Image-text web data
++++++++++++++++++++

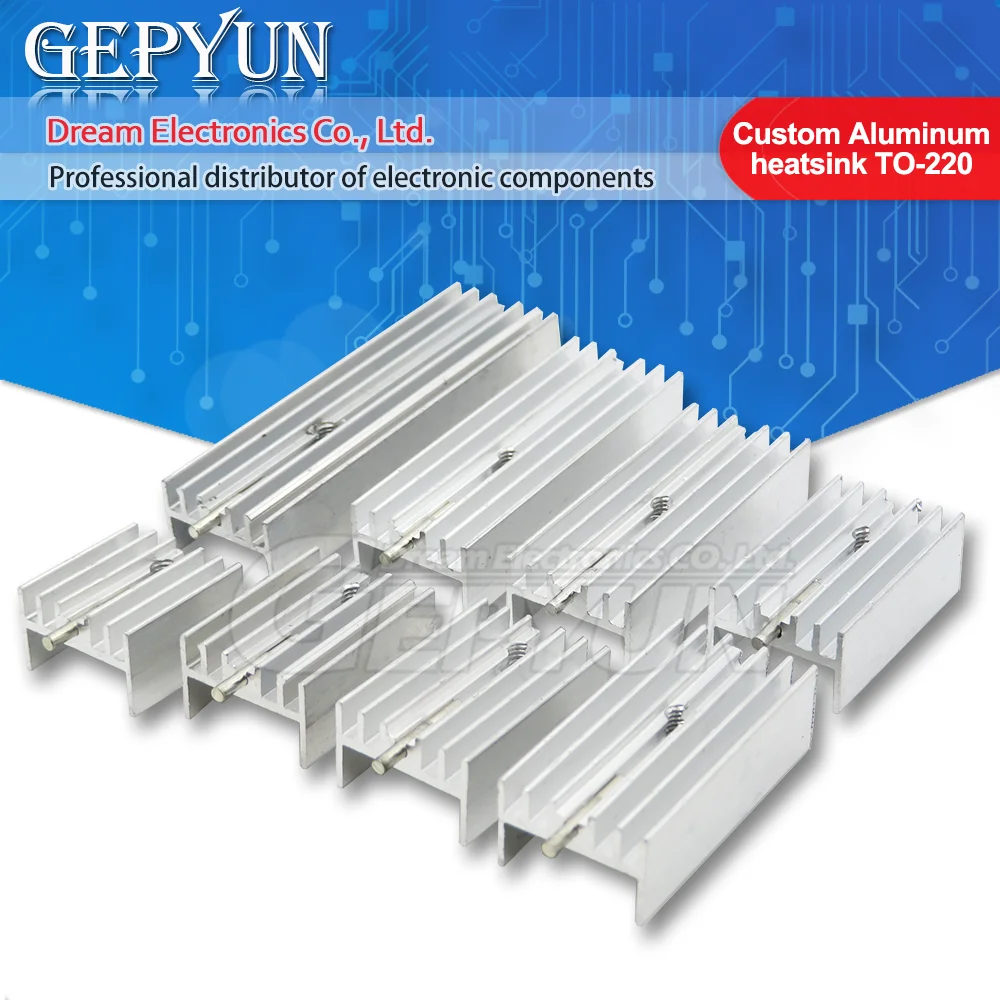 10pcs cooling aluminium plates TO-220 white dissipation With needle/Without needle  Radiator Custom Aluminum heatsink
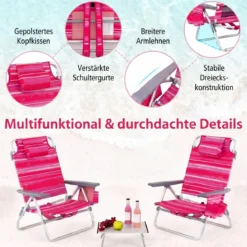 2er Set Strandstühle mit Tisch Klappbare Campingstühle mit Verstellbarer Rückenlehne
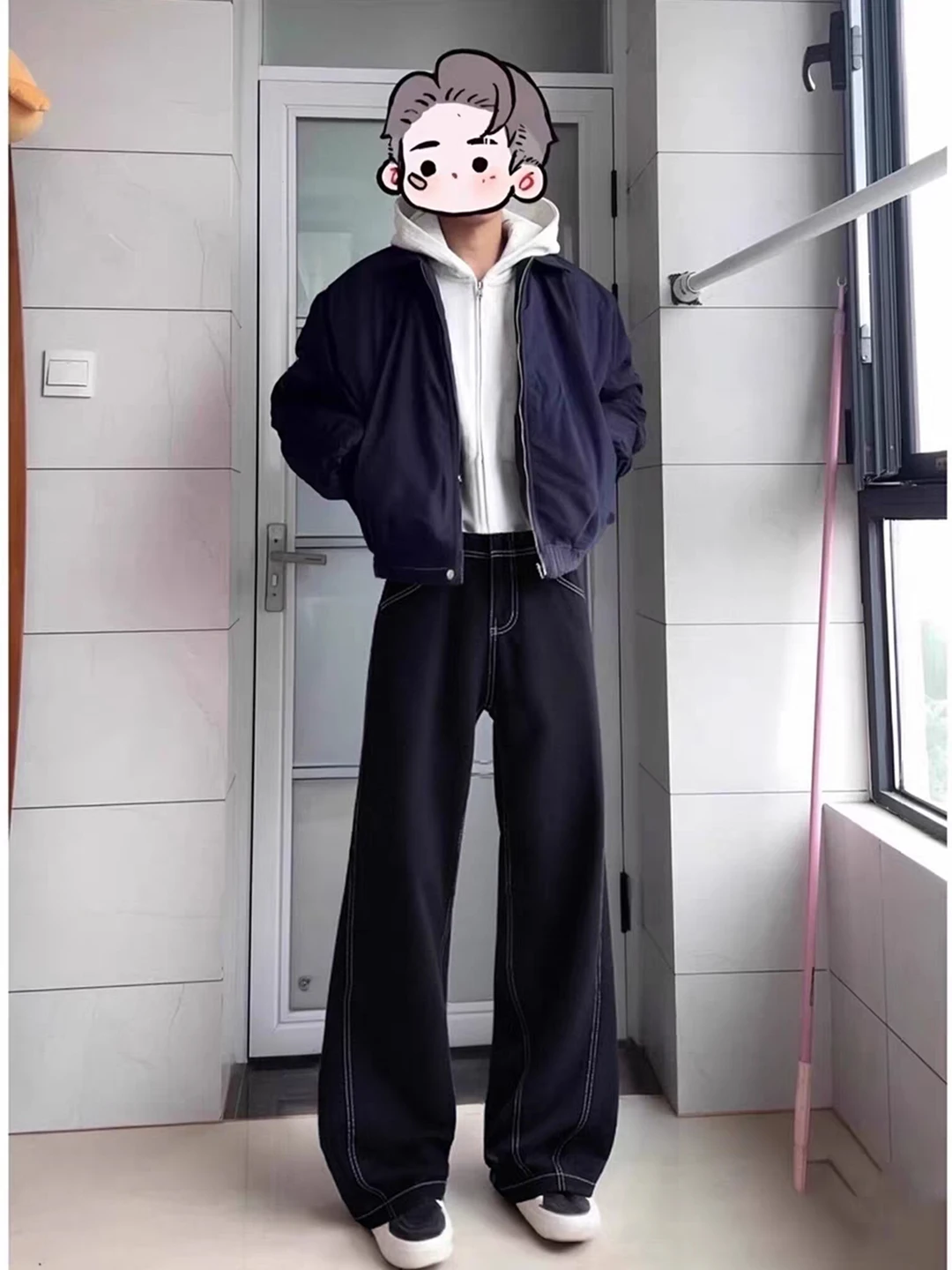 

Мужские джинсы Bla Original Denim с широкими штанинами, американского стиля, с яркой строчкой, свободного кроя, прямые, с эффектом микро-флэта.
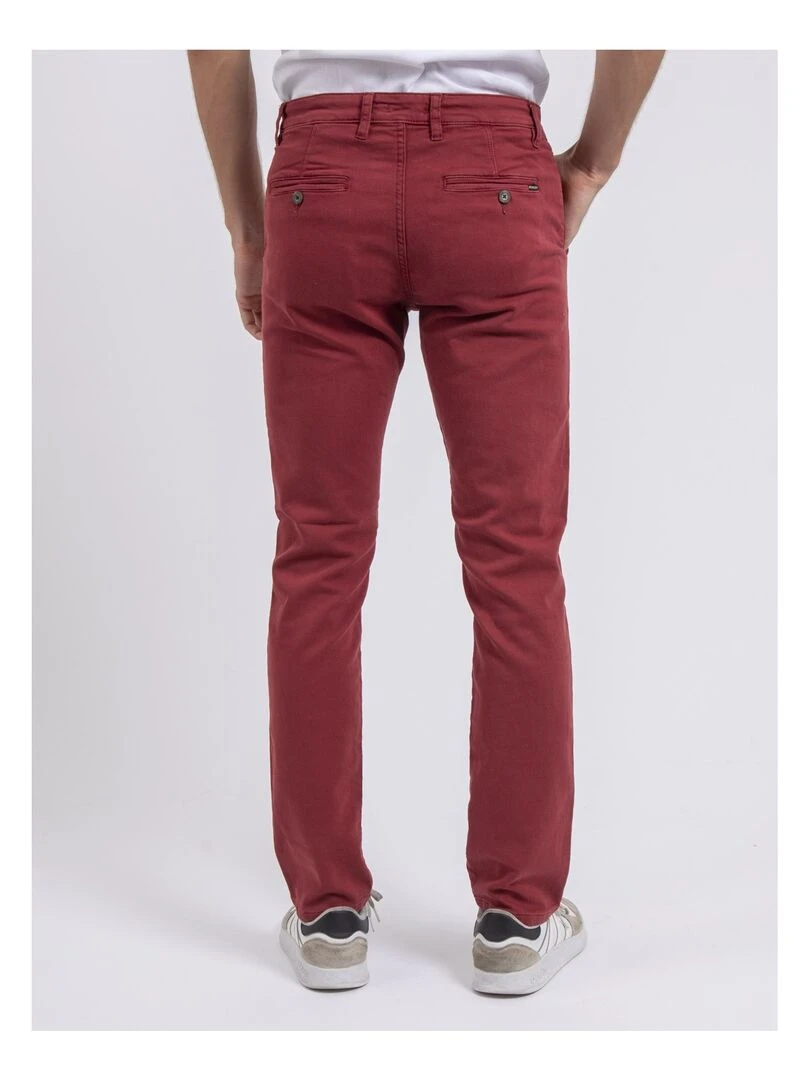 Pantalon chino coupe ajustée VALBACOL Bordeaux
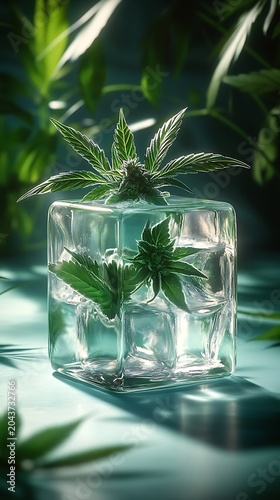 A striking green cannabis bud and leaf are elegantly frozen within a pristine ice cube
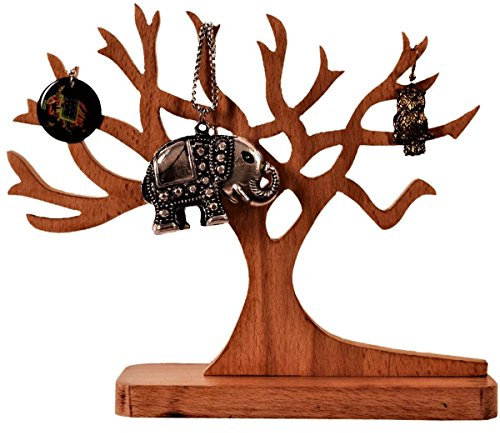 Purpledip 11196) - Portagioie in legno per orecchini, catene, albero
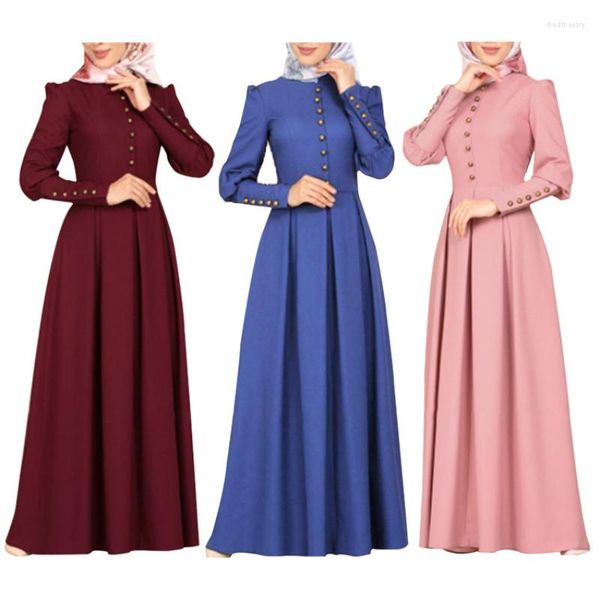 Vêtements ethniques couleur unie femme musulmane Abaya Dubai robe mince grande balançoire manches longues col rond boutons Vintage robes voilées formelles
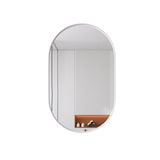 thumbnail of Spiegelschrank oval Weiß 85x51x12 cm mit Metallrahmen und Hartglas, Wandmontage oder Einbau, verstellbare Ablagen, platzsparender Badschrank
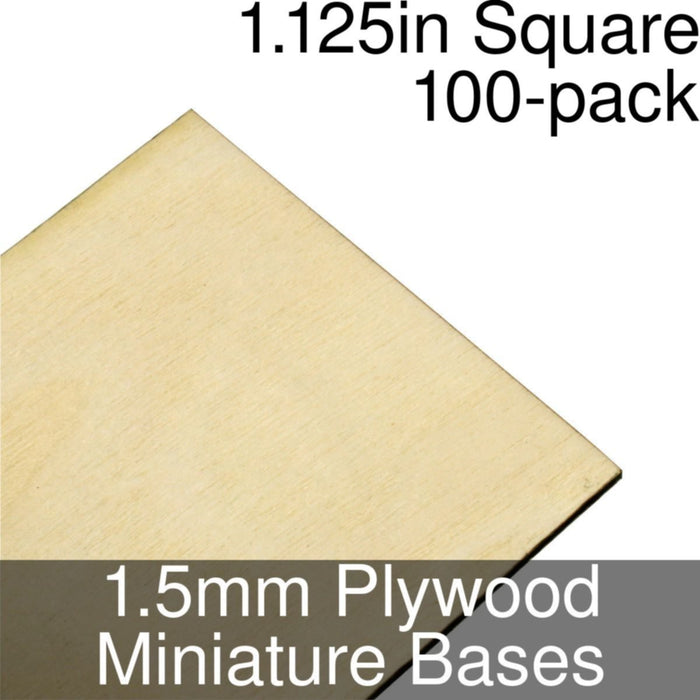 Miniature Bases, Square, 1.125inch, 1.5mm Plywood (100)-Miniature Bases-LITKO Game Accessories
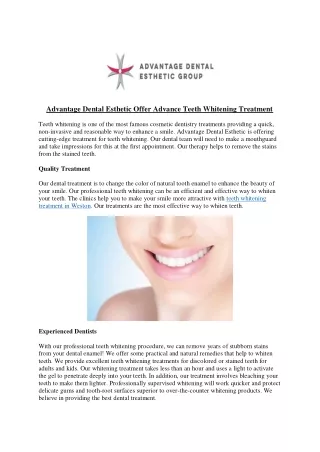 Advantage Dental Esthetic Offer Advance Teeth Whitening Treatment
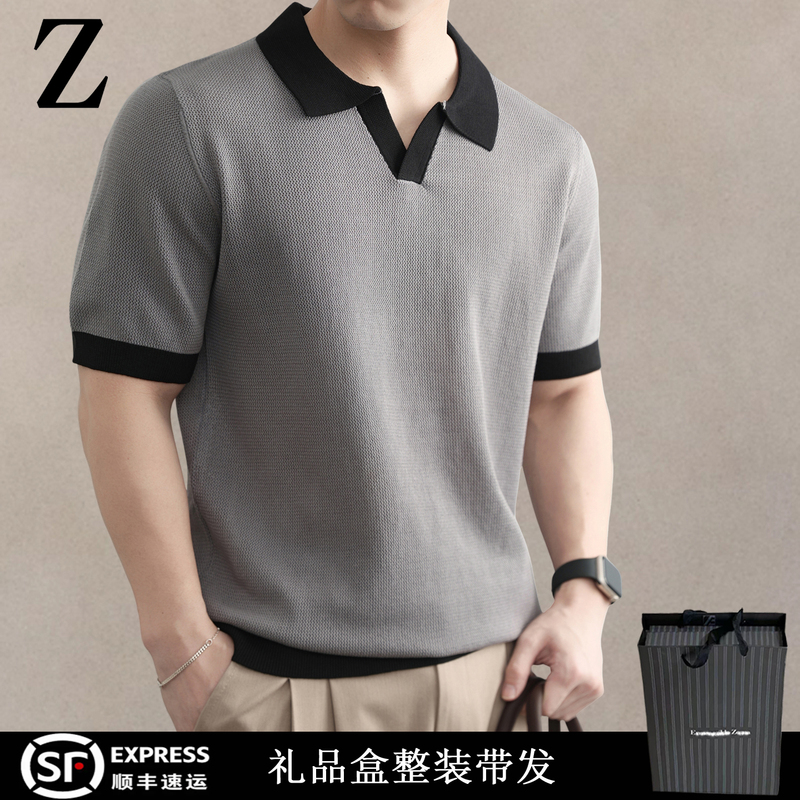 Italian Old Money Style Luxury Brand Ze&Na Men's Ice Silk Knit Polo Shirt with a Turn-Down Collar, Summer Short-Sleeve T-Shirt for Men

++++++++++++++++++++

◆ **About this exercise**
The answer is the full set of records printed exactly, less the pictures.

◆ **Answer to the problem**
 10pcs cooling aluminium plates TO-220 white dissipation With needle/Without needle  Radiator Custom Aluminum heatsink
 2er Set Strandstühle mit Tisch Klappbare Campingstühle mit Verstellbarer Rückenlehne

Мужские джинсы Bla Original Denim с широкими штанинами, американского стиля, с яркой строчкой, свободного кроя, прямые, с эффектом микро-флэта.
 Pantalon chino coupe ajustée VALBACOL Bordeaux
 A striking green cannabis bud and leaf are elegantly frozen within a pristine ice cube
 Purpledip 11196) - Portagioie in legno per orecchini, catene, albero
 Vêtements ethniques couleur unie femme musulmane Abaya Dubai robe mince grande balançoire manches longues col rond boutons Vintage robes voilées formelles
 thumbnail of Spiegelschrank oval Weiß 85x51x12 cm mit Metallrahmen und Hartglas, Wandmontage oder Einbau, verstellbare Ablagen, platzsparender Badschrank
 Miniature Bases, Square, 1.125inch, 1.5mm Plywood (100)-Miniature Bases-LITKO Game Accessories
 Advantage Dental Esthetic Offer Advance Teeth Whitening Treatment
 Italian Old Money Style Luxury Brand Ze&Na Men's Ice Silk Knit Polo Shirt with a Turn-Down Collar, Summer Short-Sleeve T-Shirt for Men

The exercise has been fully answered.